Work instructions
Please give back, exactly as written, the lines from the line with "He Invented Christianity." to the line with "Disc Brake Rotor" in the listing below, leaving out all pictures.

Provided data
──────
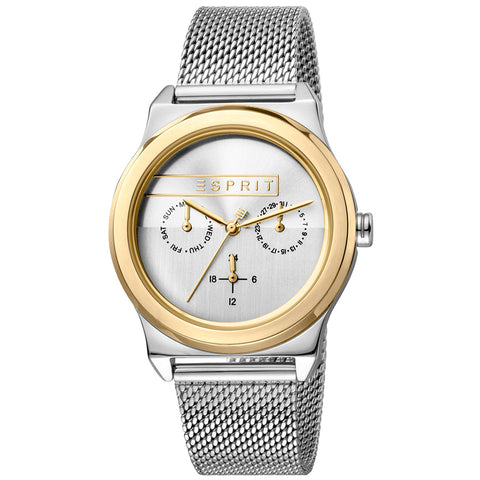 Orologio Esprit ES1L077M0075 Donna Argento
──────
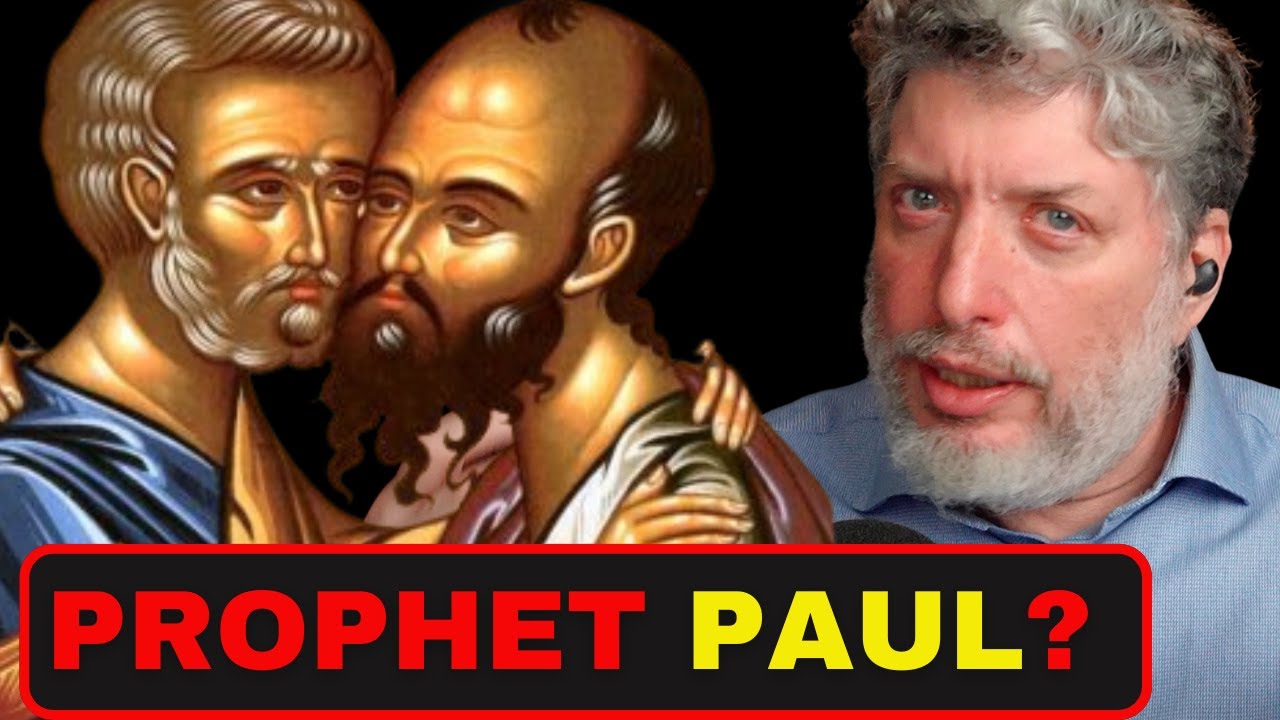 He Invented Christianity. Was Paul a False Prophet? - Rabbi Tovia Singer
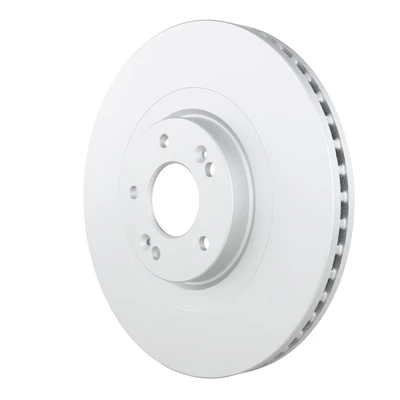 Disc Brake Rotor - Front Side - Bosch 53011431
──────
Written answer
 He Invented Christianity. Was Paul a False Prophet? - Rabbi Tovia Singer
 Disc Brake Rotor - Front Side - Bosch 53011431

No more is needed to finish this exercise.